Dareen Tatour was arrested in 2015 and held in house arrest for nearly three years for publishing a poem on Facebook. On Thursday morning, an Israeli court convicted her of incitement to violence and support for a terrorist organization.
By +972 Magazine Staff
An Israeli court convicted poet Dareen Tatour, a Palestinian citizen of Israel, of incitement to violence and support for terrorism on Thursday. The conviction comes nearly three years after she was first arrested for publishing her poetry on social media.

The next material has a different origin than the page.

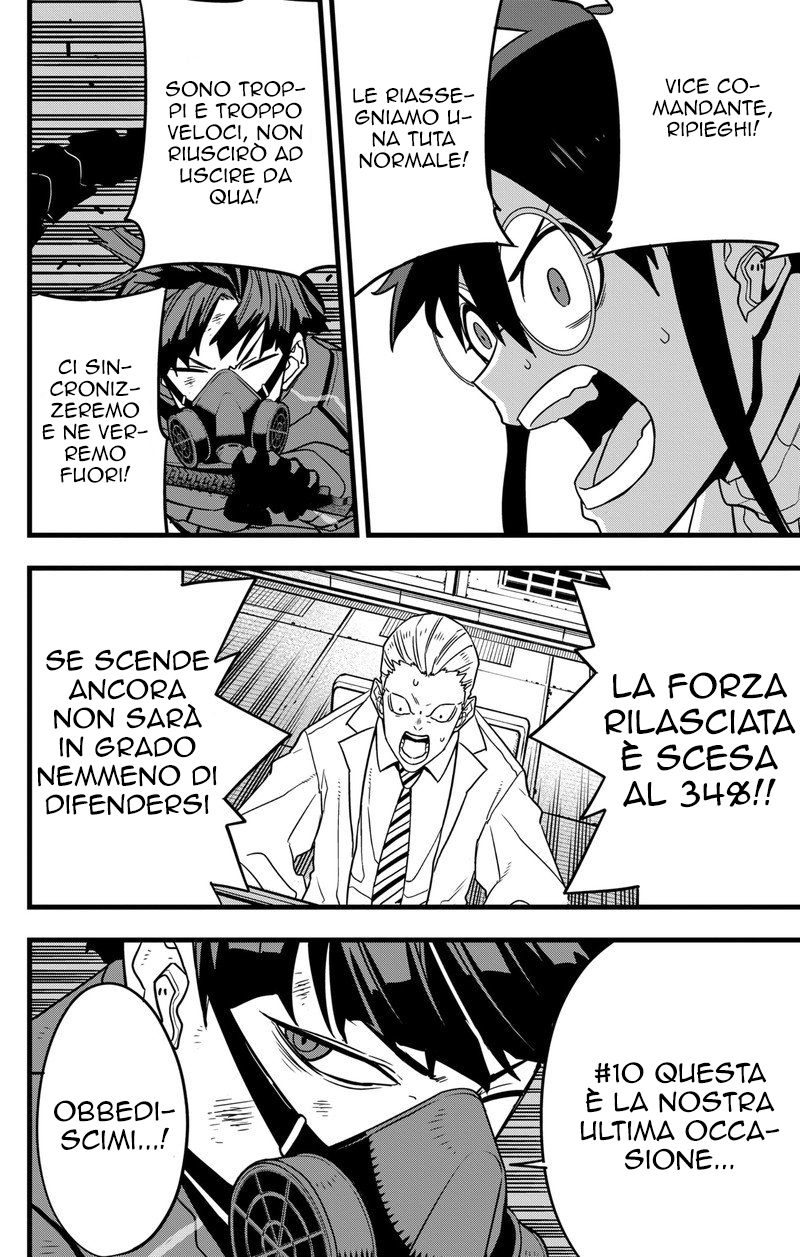 Read Kaiju No. 8 IT Manga Online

Tatour, 36, hails from the village of Reineh near Nazareth. She was arrested on October 15, 2015 after publishing a number of poems on her Facebook page, including “Qawem Ya Sha’abi, Qawemhum” (“Resist my people, resist them”).
That poem was published in 2015 (read an English translation here) at the height of Palestinian protests across Israel and the West Bank and during a wave of so-called lone-wolf stabbing and vehicular attacks against Israeli security forces and civilians, largely in Jerusalem and Hebron. A few days after Tatour posted “Resist my people, resist them” on Facebook, police stormed her house and arrested her in the middle of the night.

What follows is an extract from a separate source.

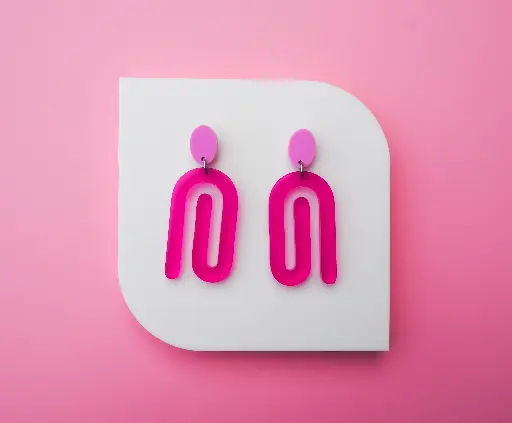 BO | Twist fuchsia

Following her arrest, Tatour was imprisoned for three months, then released and put under house arrest in an apartment in Kiryat Ono, just outside Tel Aviv, at the demand of Israeli authorities. She was forced to wear an ankle monitor, was forbidden from using the internet, the phone, or any other means of communication.
In May 2017, an Israeli court decided to ease the conditions of her arrest, allowing her to live under house arrest in her home village, where she may only leave her house accompanied by a custodian.
In November of 2016, Tatour testified and admitted that she had written the statuses. She explained that she was protesting the occupation, denouncing the crimes committed against Palestinians by the Israeli army and the settlers, adding that the police translation distorted her texts. Throughout the trial, the defense called a cast of experts on Hebrew and Arabic literature to testify about the various meanings of specific words and phrases used by Tatour in her art, as well as the nature of political poetry, and how even some of the most oppressive regimes in the world have tolerated dissident poets.
“The court convicted me of terrorism. If that’s my terrorism, I give the world a terrorism of love,” Tatour said after the verdict.
In July 2016, over 150 literary icons, including Alice Walker and Dave Eggers, signed a letter in solidarity with Tatour, calling Tatour’s imprisonment “part of a larger pattern of Israeli repression against all Palestinians.” Over 1,000 Israelis signed a petition in August 2017 calling for Tatour’s release.
Asked if she was optimistic, Tatour replied, “So-so. I am trying to remain optimistic. There is a poem in my book about handcuffs, which terrifyingly enough came true. They say that every poet is a prophet, and I feel that. In this country we cannot be too optimistic, but I am trying my best.”